Investigate the data. To reiterate, after splitting the samples in half, each lab has 4 vials labeled “G” and 4 vials labeled “H.” Similar to the last problem, sample G for one technician is different from sample G for another technician. (Hint: sample is nested in technician) Also, technicians one and two are different for each lab
Fat is the response variable here.
Lab, Technician, and Sample are all random effects.
Due to the natural progression I believe these are nested random effects.
fatmodel <- lmer(Fat ~ 1 + (1|Lab/Technician/Sample),data = eggs)
summary(fatmodel)
## Linear mixed model fit by REML ['lmerMod']

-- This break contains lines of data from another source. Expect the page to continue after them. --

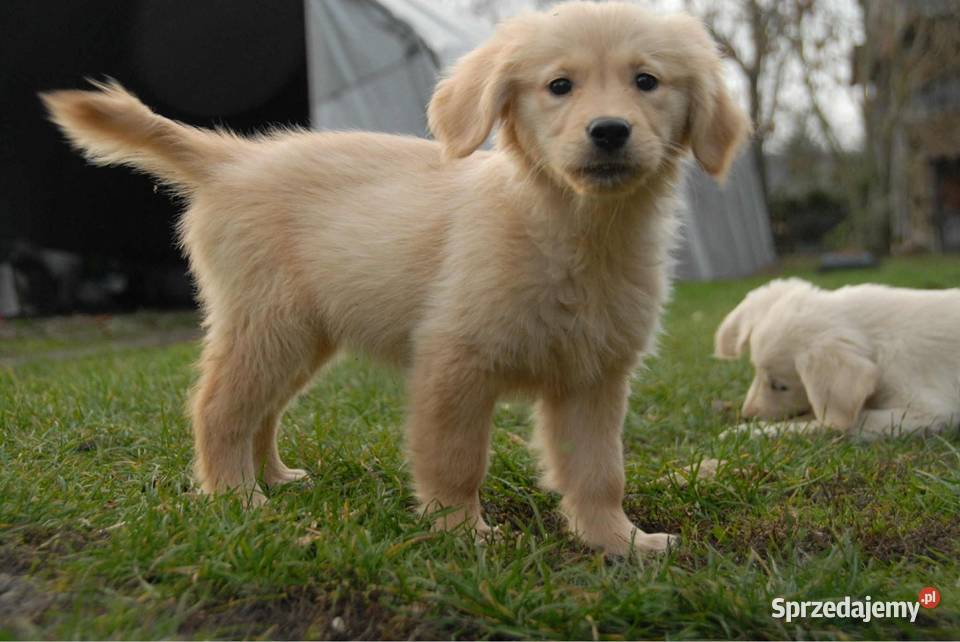 Golden Retriever Kargów sprzedam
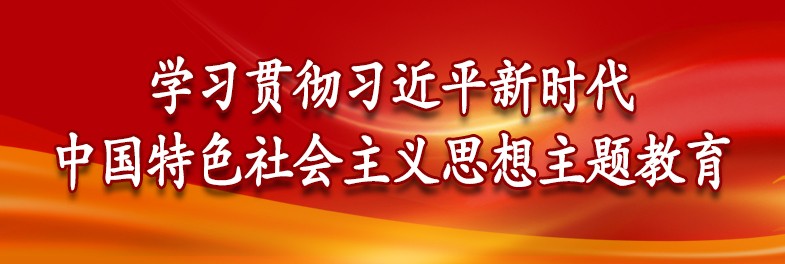 学习贯彻习近平新时代中国特色社会主义思想主题教育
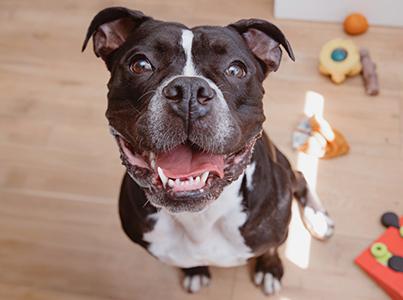 Large-headed black and white dog smiling beside some toys
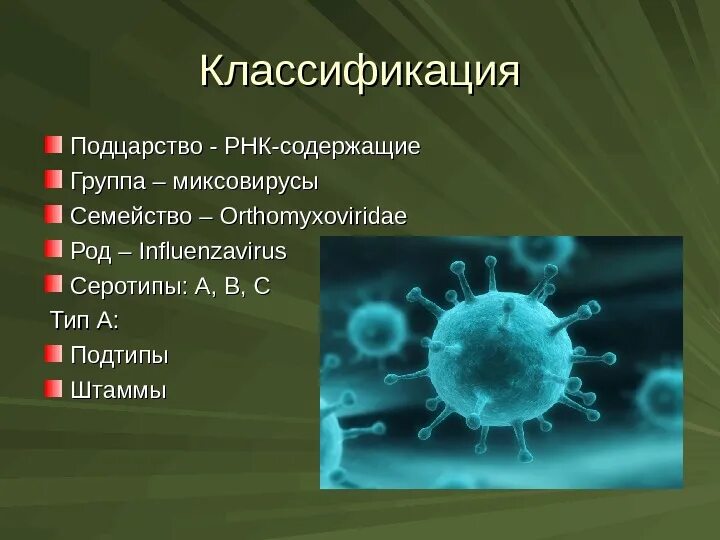 Возбудитель гриппа Orthomyxoviridae. РНК-содержащий вирус сем. Orthomyxoviridae. Возбудители гриппа ортомиксовирусы. Ортомиксовирусы классификация.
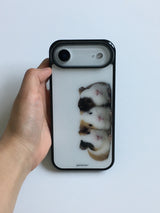 guineas pig case 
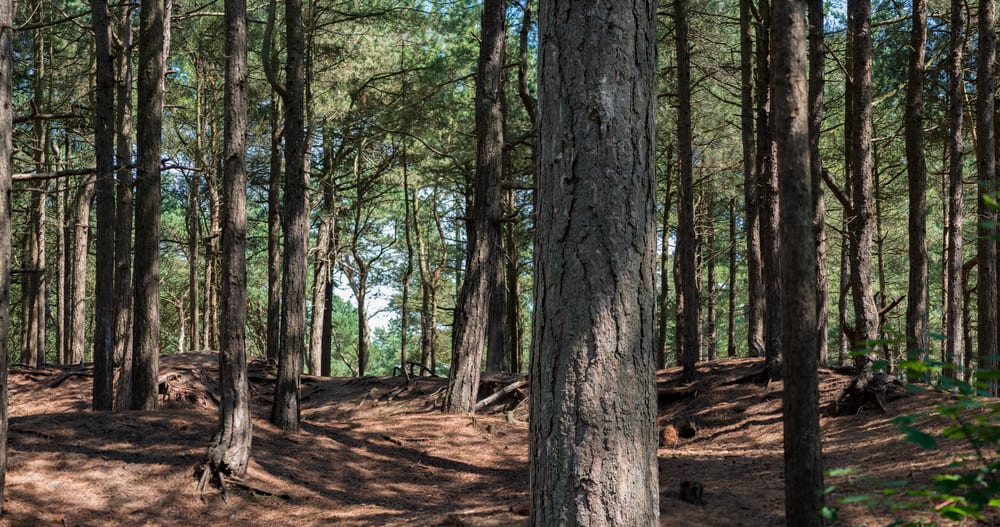 Spring Trail brings puzzles and obstacles to Formby this Easter for the Roy Castle Lung Cancer Foundation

## Formula: Fat ~ 1 + (1 | Lab/Technician/Sample)
## Data: eggs
##
## REML criterion at convergence: -64.2
##
## Scaled residuals:
## Min 1Q Median 3Q Max
## -2.04098 -0.46576 0.00927 0.59713 1.54276
##
## Random effects:
## Groups Name Variance Std.Dev.
## Sample:(Technician:Lab) (Intercept) 0.003065 0.05536
## Technician:Lab (Intercept) 0.006980 0.08355
## Lab (Intercept) 0.005920 0.07694
## Residual 0.007196 0.08483
## Number of obs: 48, groups:
## Sample:(Technician:Lab), 24; Technician:Lab, 12; Lab, 6
##
## Fixed effects:
## Estimate Std. Error t value
## (Intercept) 0.38750 0.04296 9.019
.38750 is the grand mean
Technichians: .00698
Lab: .00592
refitmodel <- lmer(Fat ~ 1 + (1|Lab/Technician),data = eggs)
summary(refitmodel)
## Linear mixed model fit by REML ['lmerMod']

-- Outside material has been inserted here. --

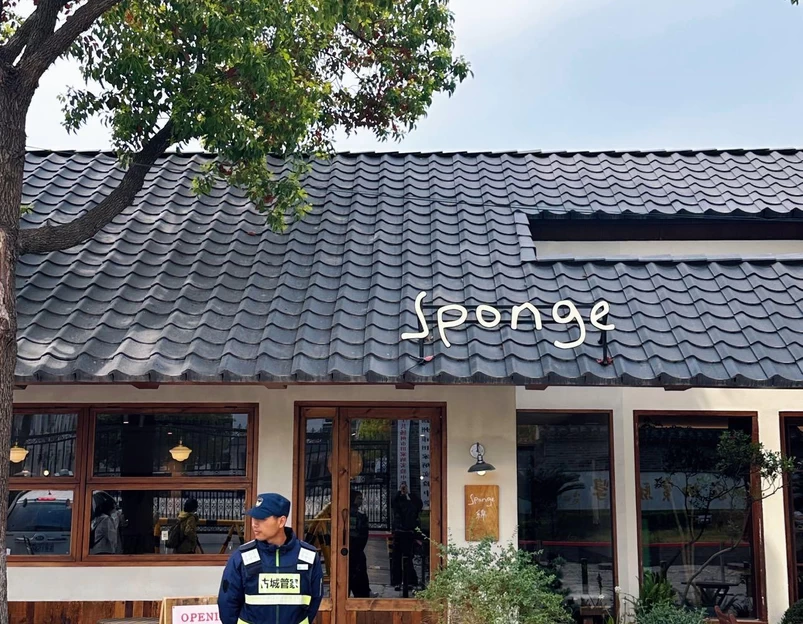 Sponge 绵 - 扬州市旅游 1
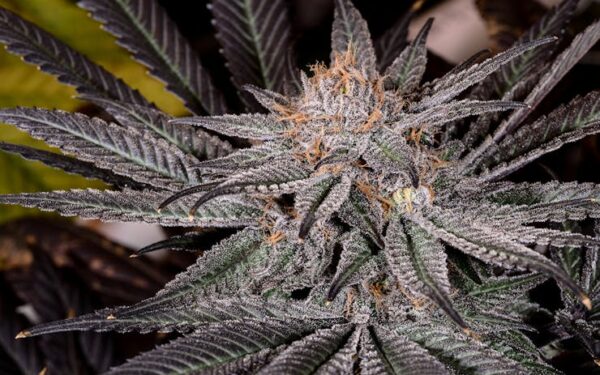 Grape Ape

## Formula: Fat ~ 1 + (1 | Lab/Technician)
## Data: eggs
##
## REML criterion at convergence: -62.6
##
## Scaled residuals:
## Min 1Q Median 3Q Max
## -2.17799 -0.42424 0.08043 0.67361 1.77544
##
## Random effects:
## Groups Name Variance Std.Dev.
## Technician:Lab (Intercept) 0.008002 0.08945
## Lab (Intercept) 0.005920 0.07694
## Residual 0.009239 0.09612
## Number of obs: 48, groups: Technician:Lab, 12; Lab, 6
##
## Fixed effects:
## Estimate Std. Error t value
## (Intercept) 0.38750 0.04296 9.019
The grand mean doesn’t change because removing a variance component does not change the intercept!